**Data**
================================
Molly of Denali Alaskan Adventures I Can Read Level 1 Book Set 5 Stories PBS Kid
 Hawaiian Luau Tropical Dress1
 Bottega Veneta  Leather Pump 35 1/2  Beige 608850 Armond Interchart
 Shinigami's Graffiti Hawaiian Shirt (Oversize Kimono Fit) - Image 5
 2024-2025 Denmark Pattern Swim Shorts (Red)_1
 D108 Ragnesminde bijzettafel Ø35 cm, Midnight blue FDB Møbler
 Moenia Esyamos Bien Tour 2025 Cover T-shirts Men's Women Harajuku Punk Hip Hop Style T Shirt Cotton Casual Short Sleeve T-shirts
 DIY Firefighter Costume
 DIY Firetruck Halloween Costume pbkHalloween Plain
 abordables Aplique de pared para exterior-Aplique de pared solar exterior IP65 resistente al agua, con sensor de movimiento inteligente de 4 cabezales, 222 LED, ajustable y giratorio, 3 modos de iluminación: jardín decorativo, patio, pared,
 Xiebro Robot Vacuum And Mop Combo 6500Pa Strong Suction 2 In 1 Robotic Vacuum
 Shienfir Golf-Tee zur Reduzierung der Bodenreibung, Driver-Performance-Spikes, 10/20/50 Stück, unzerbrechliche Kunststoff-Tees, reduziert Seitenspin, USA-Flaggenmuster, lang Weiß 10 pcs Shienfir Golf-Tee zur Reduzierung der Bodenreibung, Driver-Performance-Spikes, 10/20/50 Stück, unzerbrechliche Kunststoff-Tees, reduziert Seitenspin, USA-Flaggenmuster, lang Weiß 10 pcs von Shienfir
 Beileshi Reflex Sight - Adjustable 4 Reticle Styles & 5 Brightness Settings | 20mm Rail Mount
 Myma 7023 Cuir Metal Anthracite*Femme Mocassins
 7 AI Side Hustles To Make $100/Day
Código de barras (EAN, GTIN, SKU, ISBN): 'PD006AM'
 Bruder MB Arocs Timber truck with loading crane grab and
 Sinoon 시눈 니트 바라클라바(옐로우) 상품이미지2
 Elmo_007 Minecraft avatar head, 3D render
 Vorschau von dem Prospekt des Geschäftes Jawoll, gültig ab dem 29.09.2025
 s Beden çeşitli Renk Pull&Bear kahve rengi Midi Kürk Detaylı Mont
================================
**Activity**
Where the records above contain a line with "Elmo_007 Minecraft avatar head, 3D render", repeat that line and each later line through the end, exactly, and nothing more.

**Response to this exercise**
 Elmo_007 Minecraft avatar head, 3D render
 Vorschau von dem Prospekt des Geschäftes Jawoll, gültig ab dem 29.09.2025
 s Beden çeşitli Renk Pull&Bear kahve rengi Midi Kürk Detaylı Mont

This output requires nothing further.